Loans by domestic insurers.

(a) A domestic stock or mutual insurer may borrow money to defray the expenses of its organization, provide it with surplus funds or for any purpose of its business, upon a written agreement that such money is required to be repaid only out of the insurer's surplus in excess of that stipulated in such agreement. The agreement may provide for interest at a reasonable rate per annum, which interest shall, or shall not, constitute a liability of the insurer as to its funds other than such excess of surplus, as stipulated in the agreement. No commission or promotion expense shall be paid in connection with any such loan.

(b) Money so borrowed, together with the interest thereon if so stipulated in the agreement, shall not form a part of the insurer's legal liabilities except as to its surplus in excess of the amount thereof stipulated in the agreement or be the basis of any setoff, but, until repaid, financial statements filed or published by the insurer shall show as a footnote thereto the amount thereof then unpaid together with any interest thereon accrued but unpaid.

(c) Any such loan shall be subject to the commissioner's approval. The insurer shall, in advance of the loan, file with the commissioner a statement of the purpose of the loan and a copy of the proposed loan agreement. The loan and agreement shall be deemed approved unless, within 15 days after date of such filing, the insurer is notified of the commissioner's disapproval and the reasons therefor.

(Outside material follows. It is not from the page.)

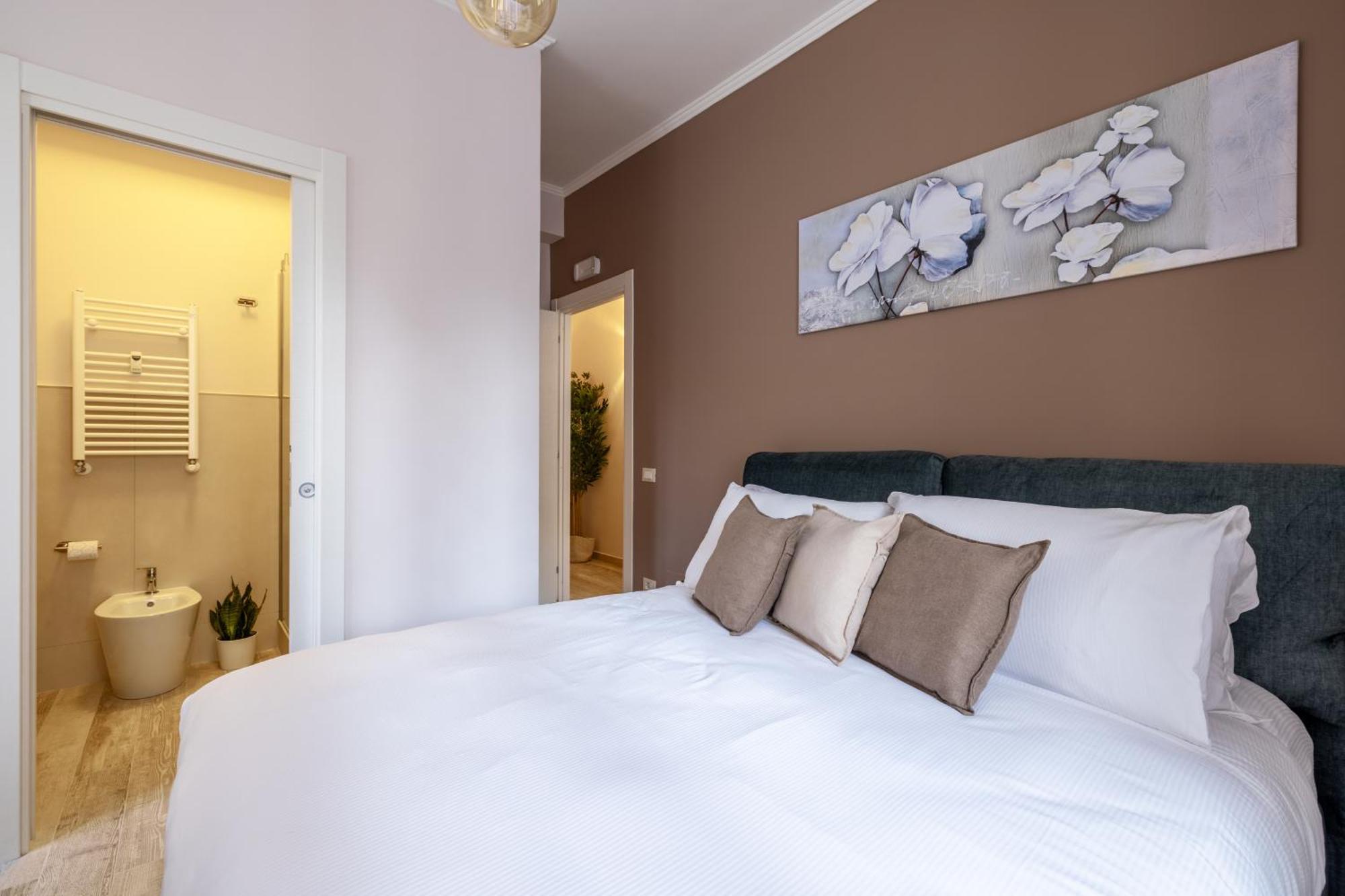 Appartamento Domvs Clelia 2 Bedrooms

The commissioner shall disapprove any proposed loan or agreement if he finds the loan is unnecessary or excessive for the purpose intended, or that the terms of the loan agreement are not fair and equitable to the parties and to other similar lenders, if any, to the insurer or that the information so filed by the insurer is inadequate.

(d) Any such loan, or substantial portion thereof, shall be repaid by the insurer when no longer reasonably necessary for the purpose originally intended. No repayment of such a loan shall be made, unless in advance approved by the commissioner.

(e) This section shall not apply to any loan other than one obtained upon a written agreement that such loan is required to be repaid only out of the insurer's surplus in excess of that stipulated in such agreement.

(f) The value of the surplus debenture issued under this section shall not be considered as the deciding authority for valuing the asset received for the above note, but shall only be taken into account with all other factors in determining admitted value.

(Acts 1971, No. 407, p. 707, §536; Acts 1980, No. 80-728, p. 1470.)